The left lungs were homogenized (Omni TH homogenizer; Omni International, Warrenton, VA) in 0.5 ml PBS containing 0.5% Triton X-100 and Roche complete protease inhibitor cocktail (Mannheim, Germany). The lung homogenates were cleared of debris and cells by centrifugation at 10,000 × g for 10 min and frozen at −70°C for later ELISA analysis. The IL-17, MIG, IP-10, I-TAC, and MIP-1β concentrations were determined by ELISA (R&D Systems). The MIP-1α and RANTES concentrations were determined by cytokine bead array (Bio-Rad).
IL-17 and IL-23 neutralization.
For IL-17 neutralization experiments, P. carinii-infected C57BL/6 mice were lightly anesthetized with ketamine-xylazine at day 5 after P. carinii inoculation and 1 μg of neutralizing anti-murine IL-17 Ab (R&D Systems) was given to each mouse intranasally. Ab was administered twice a week for up to 4 weeks afterwards. Control mice received 1 μg of goat immunoglobulin gamma (Sigma, St Louis, MO). For IL-23 neutralization experiments, anti-IL-23p19 Ab (R&D Systems) or isotype control was premixed with P. carinii inoculum at 10 μg/ml final concentration just prior to intratracheal inoculation. Mice then received 1 μg of Ab intranasally twice a week, similar to the IL-17 neutralization experiments.
Statistics.
Data are reported as the means ± standard errors of the means (SEMs). Differences in levels of effector CD4+ T cells between experimental groups were tested using a two-way analysis of variance followed by a Holm-Sidak multiple comparison procedure. Other data were analyzed using Student's t test. Statistical significance was accepted when P was less than 0.05.
RESULTS
Alveolar macrophage cytokine/chemokine expression in response to P. carinii in vitro.
To determine whether P. carinii induces alveolar macrophage IL-23 expression, MH-S cells were incubated with 2 × 105 cysts in vitro. There was significant induction of IL-23p19 mRNA as early as 2 h after exposure (Fig. 1A).
To confirm IL-23 biological activity in supernatants from P. carinii-exposed MH-S cell cultures, cell- and cyst-free conditioned supernatants were added to adherent-cell-depleted splenocytes, and IL-17 concentrations were then determined at 2, 24, and 48 h after incubation. IL-17 from splenocytes stimulated with media from P. carinii-exposed MH-S cells was increased at 24 and 48 h (Fig. 1B). Minimal IL-17 (6 pg/ml) was induced by conditioned media from MH-S cells exposed to normal mouse lung homogenate. Thus, P. carinii stimulates both IL-23 mRNA and protein expression in alveolar macrophages in vitro.

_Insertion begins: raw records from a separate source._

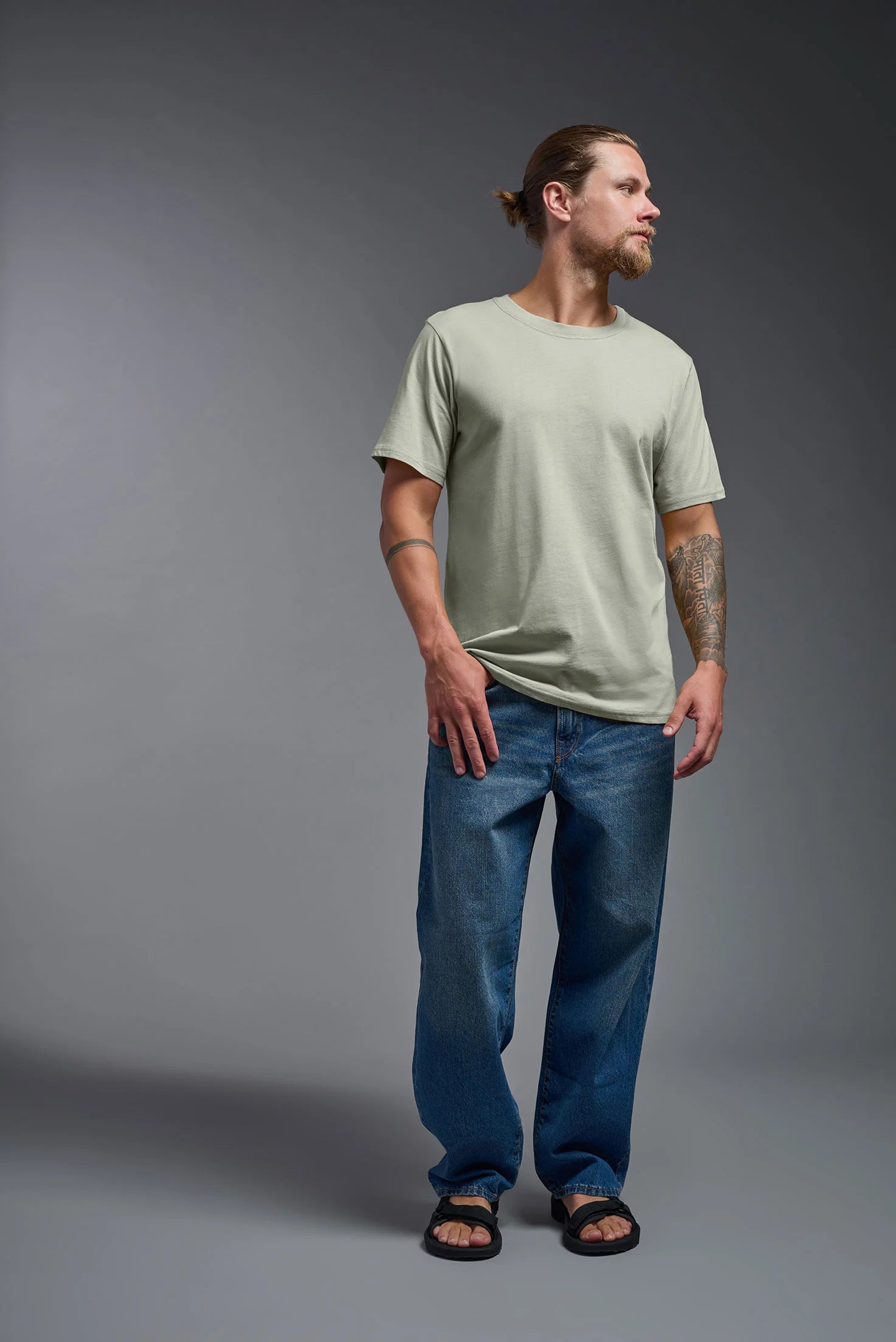 Man wearing a light green t-shirt and blue jeans against a gray background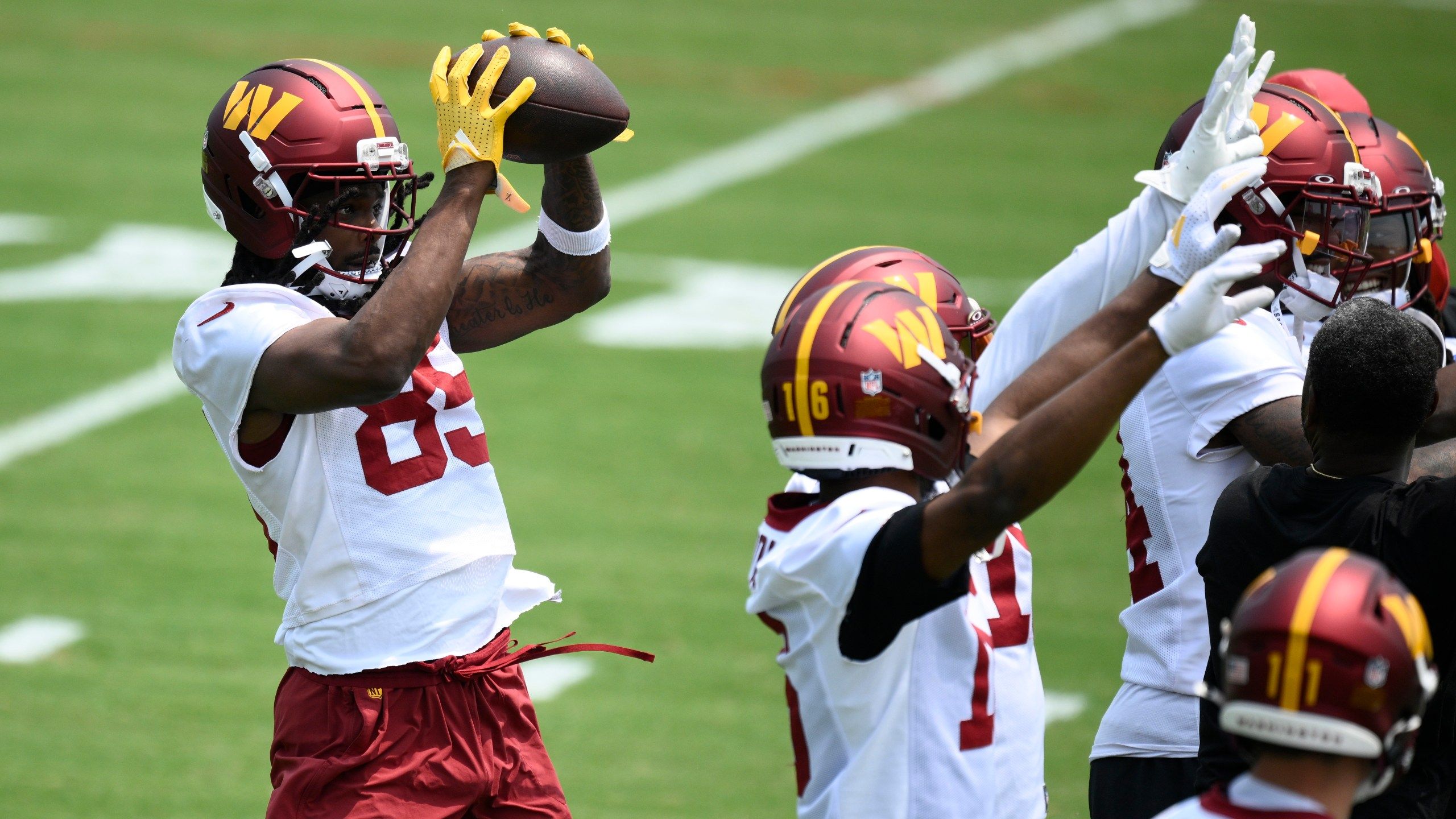 2560x1440 Noah Brown carted off field at Commanders minicamp. Jeremy Reaves gets extended. DC News Now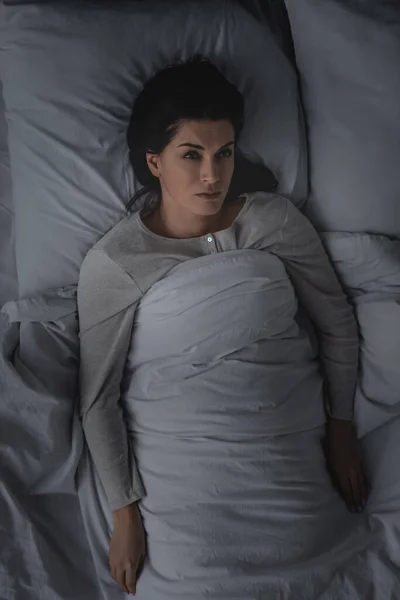 Vista dall'alto della donna con disturbi del sonno sdraiata sul letto — Foto stock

To determine whether neutralization of IL-23 in the in vitro macrophage stimulation cultures affects cytokine or chemokine production by macrophages, MH-S cells were incubated with 0.1 ml of lung homogenate containing 2 × 105 cysts of P. carinii with or without the presence of IL-23p19 Ab (2 μg/ml final concentration) for 24 h. For the controls, cells were either untreated or incubated with lung homogenate from normal uninfected mice or anti-IL-23p19 Ab (2 μg/ml). Cell supernatants were assayed for production of IL-10, IL-12p70, IL-1β, granulocyte colony-stimulating factor (G-CSF), granulocyte-macrophage (GM)-CSF, IL-6, tumor necrosis factor alpha, KC, IP-10, MIG, and I-TAC. MH-S cells incubated with P. carinii produced significant amounts of IL-6, G-CSF, and IL-1β in comparison to untreated and Ab-only controls (Table 1). Neutralization of IL-23 did not significantly change the expression of these cytokines. P. carinii stimulated the release of MIG and I-TAC, but there was no observable suppression after incubation with anti-IL-23p19 Ab. No consistent results were observed for IP-10. Minimal amounts of IL-10, IL-12p70, GM-CSF, tumor necrosis factor alpha, and KC were produced in response to P. carinii.
TABLE 1.
Cytokine or chemokine | Amt (pg/ml) in:
|
||||
---|---|---|---|---|---|
MH-S cells | MH-S cells with IL-23p19 Ab | MH-S cells with lung homogenate from normal mice | MH-S cells with P. carinii | MH-S cells with P. carinii and IL-23p19 Ab | |
IL-6 | 2,765 ± 156 | 2,683 ± 787 | 2,167 ± 322 | 6,537 ± 690 | 4,950 ± 805 |
G-CSF | 34 ± 3 | 36 ± 11 | 39 ± 3 | 241 ± 54 | 188 ± 19 |
IL-1β | 10 ± 0.5 | 12 ± 2 | 8 ± 2 | 106 ± 12 | 109 ± 27 |
BAL cell IL-23 expression in response to in vivo P. carinii infection.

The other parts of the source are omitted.